After proper processing in water, salt pickles may be eaten as such or they may be converted into sour pickles ([p. 7]), sweet pickles ([p. 8]), or mixed pickles ([p. 10]).
SMALL QUANTITIES
Pack the cucumbers in a 4-gallon jar and cover with 6 quarts of a 10 per cent brine (40° on salinometer scale). At the time of making up the brine, or not later than the following day, add more salt at the rate of 1 pound for every 10 pounds of cucumbers used—in this case 1 pound and 3 ounces. This is necessary to maintain the strength of the brine.
Cover with a round board or plate that will go inside the jar, and on top of this place a weight heavy enough to keep the cucumbers well below the surface of the brine.
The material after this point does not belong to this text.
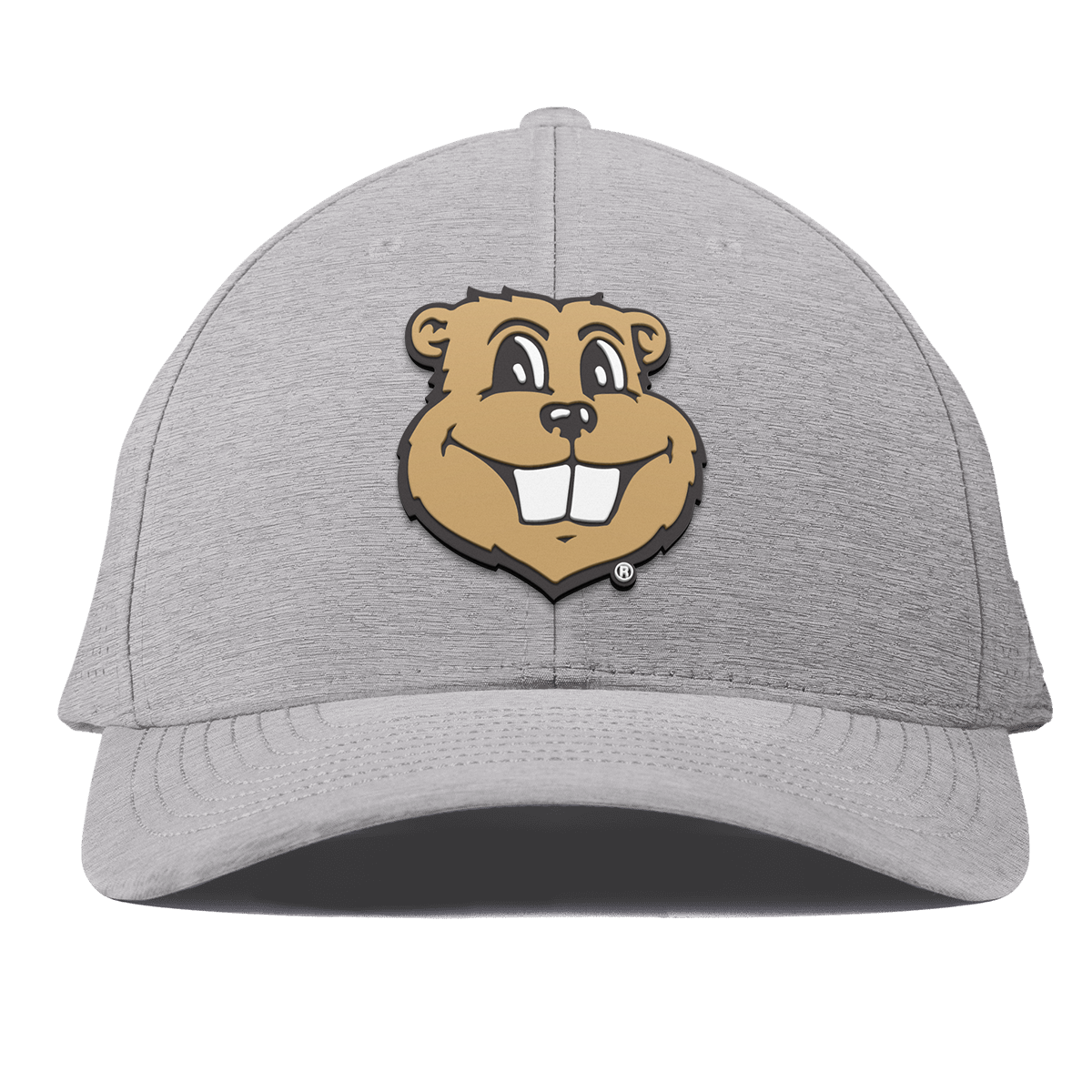 University of Minnesota "Goldy Gopher" Curved Elite Heather Gray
At the end of the first week, and at the end of each succeeding week for five weeks, add one-fourth pound of salt. In adding salt always place it on the cover. If it is added directly to the brine, it may sink, as a result of which the salt solution at the bottom will be very strong, while that near the surface may be so weak that the pickles will spoil.
A scum, made up usually of wild yeasts and molds, forms on the surface. As this may prove injurious by destroying the acidity of the brine, remove it by skimming.
LARGE QUANTITIES
Put into a barrel 5 to 6 inches of a 40° brine ([Table 1, p. 14]) and add 1 quart of good vinegar. In this brine place the cucumbers as they are gathered. Weigh the cucumbers each time before they are added. Put a loose-fitting wooden cover over the cucumbers and weight it down with a stone heavy enough to bring the brine over the cover. After the cover and stone have been replaced add to the brine over the cover 1 pound of salt for every 10 pounds of cucumbers.
Unless the cucumbers are added too rapidly, it will be unnecessary to add more brine, for when a sufficient weight is maintained on the cover the cucumbers make their own brine. If, however, the cucumbers are added rapidly, or if the barrel is filled at once, more brine may be required. In such a case, add enough of the 40° brine to cover the cucumbers.